As a scrum team, we keep to the scrum events (daily scrum, sprint planning, sprint review, retrospective). Having a cadence of events allows us to regularly synchronise and catch up – so our async comms usually only covers a 24 period before we talk to each other in person. This gives us an opportunity to re-align, raise and/or resolve any issues and plan what we’re doing next. Having autonomy requires shared agreement and understanding on our goals – so that we all know we’re working on the most valuable thing. We use our scum events (sprint planning and daily scrum) to realign and confirm what work we’re going to do to progress our goals. Asynchronous communications would not work without periodic synchronization.

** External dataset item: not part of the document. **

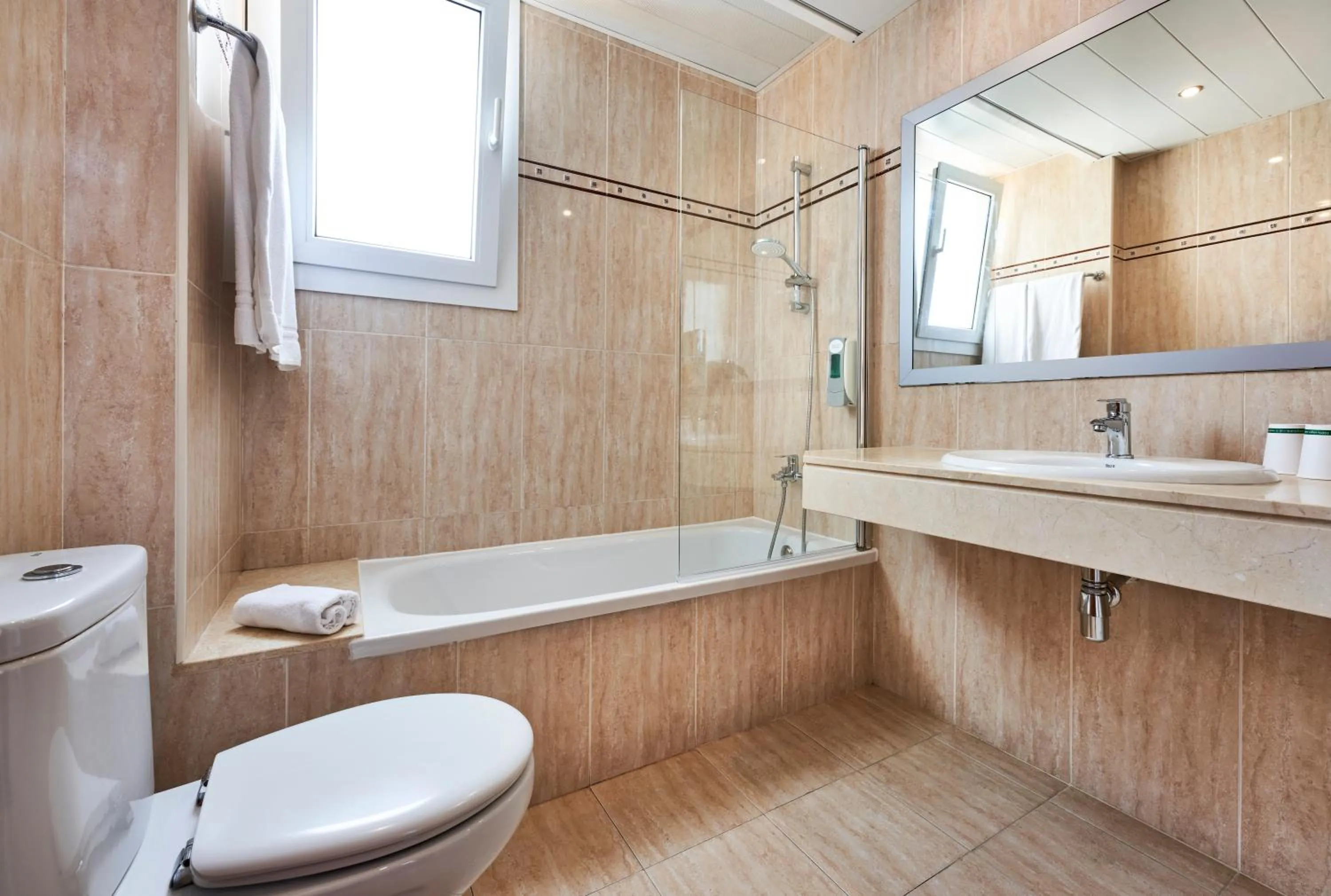 Bathroom in Globales Los Delfines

Our daily scrum is timeboxed to a 15 minute video call. This is usually enough, and we’re actively working to make it shorter. A natural tendency for teams would be to reduce the frequency of the daily scrum, which we don’t recommend. We’re experimenting now with holding our other events in person rather than over video calls to deepen our social bonds, and ensure we protect time to work on the business of Two Percent Shift.
A guide for when we move to synchronous communication:
- When a message generates a lot of discussion, and we can see something is not clear (e.g. messages start to ping pong between us)

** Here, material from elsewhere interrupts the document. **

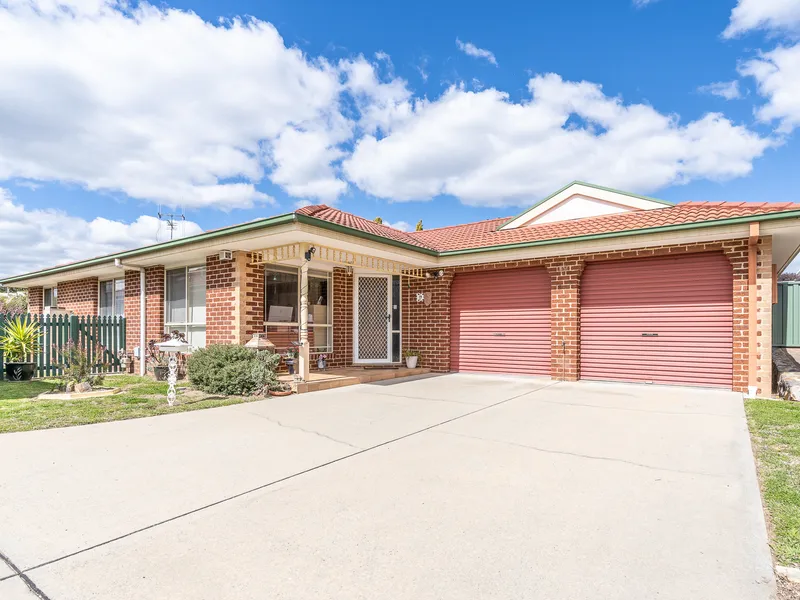 SPACIOUS - SEPARATE TITLE HOME - QUIET CUL-DE-SAC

- When there’s more than mild contention. We want the high-bandwidth, full experience of understanding where we’re not in agreement. Too much is missed, or mistaken when this is not face to face.

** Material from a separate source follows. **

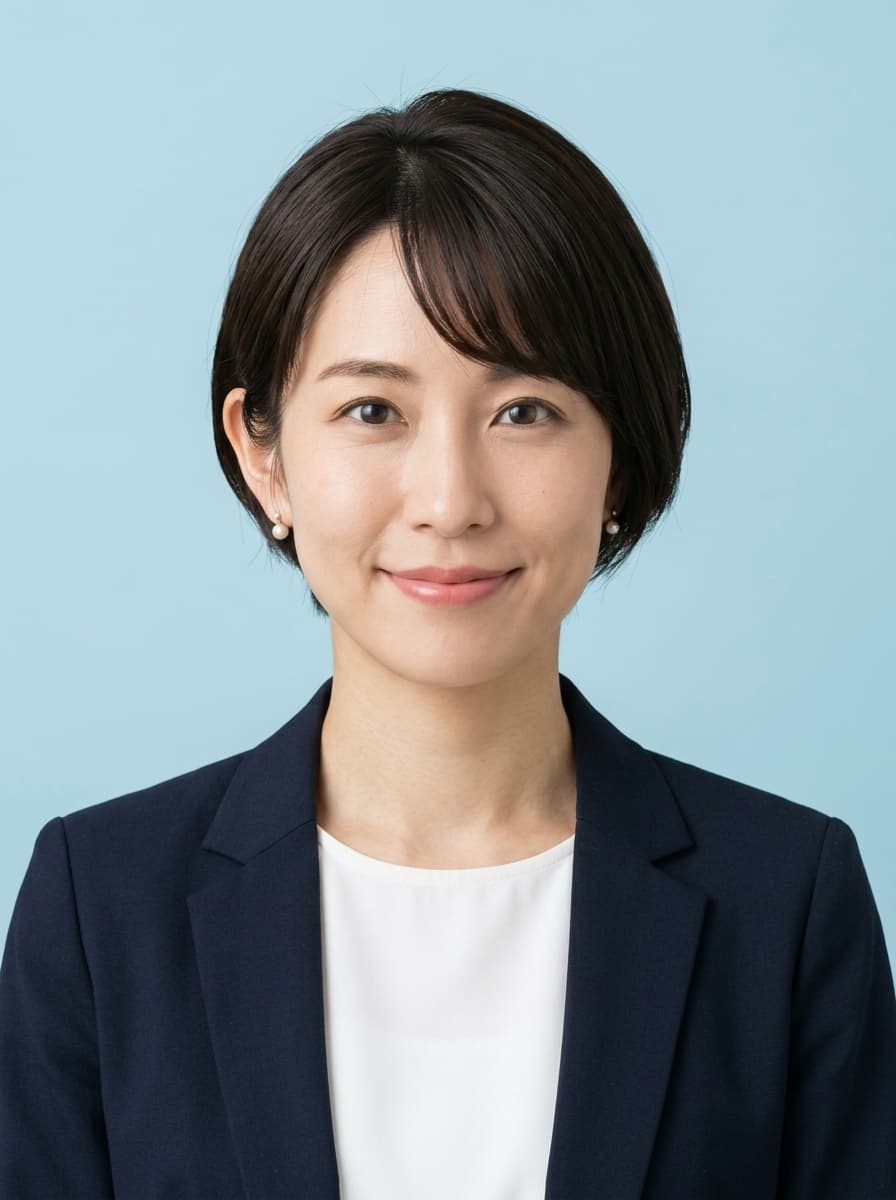 女性・ネイビージャケット・証明写真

- Regularly enough to re-align. Having a regular check in creates accountability, and opportunity to verify we’re working on the most valuable thing
We have one strong expectation of each other that is required to support both modes of communication working effectively…
- Be informed
Working autonomously towards shared goals means you absolutely have to keep up to date with what the rest of the team are doing. When we do meet face to face, the expectation is that everyone is aware of what’s going on. This means you’ve read any new Trello and Slack messages (both apps’ notification mechanisms make this very easy to see what’s new to you). It does not mean that you have necessarily actioned any request.
As we try and keep our events focused and timeboxed, we don’t have time to replay everything that’s happened. It also means you’ve had time to process and think about things – so when we do meet, we get each other’s considered views, not just reactions or first impressions. Additionally, everyones prepared so anyone can facilitate the conversation. This shares the load, and avoids anyone getting ‘stuck’ in a role.
These practices require a level of individual discipline, and the courage to hold each other accountable when we don’t. They allow us to work remotely together very effectively. Personally, I find joy and satisfaction in this approach because:
- I have autonomy to work when, where and how best suits my family life
- Interactions are purposeful – I’m never wondering ‘why am i here, and what are we doing?’
- When I’m not at my best, I know my colleagues are at there best – so we support each other when needed
- I’ve noticed that we tend not to discuss work while we’re out together socially – we actually socialise and enjoy each others company
- We’re constantly taking small steps towards our goals. We see measurable progress, and we can react quickly
- The pace is exciting, and balances sustainability with progress towards our goals
Right now, this is working for us. I’m sure we will evolve and experiment as we look to reduce friction every time we pause to inspect and adapt how we work (weekly, Fridays over lunch).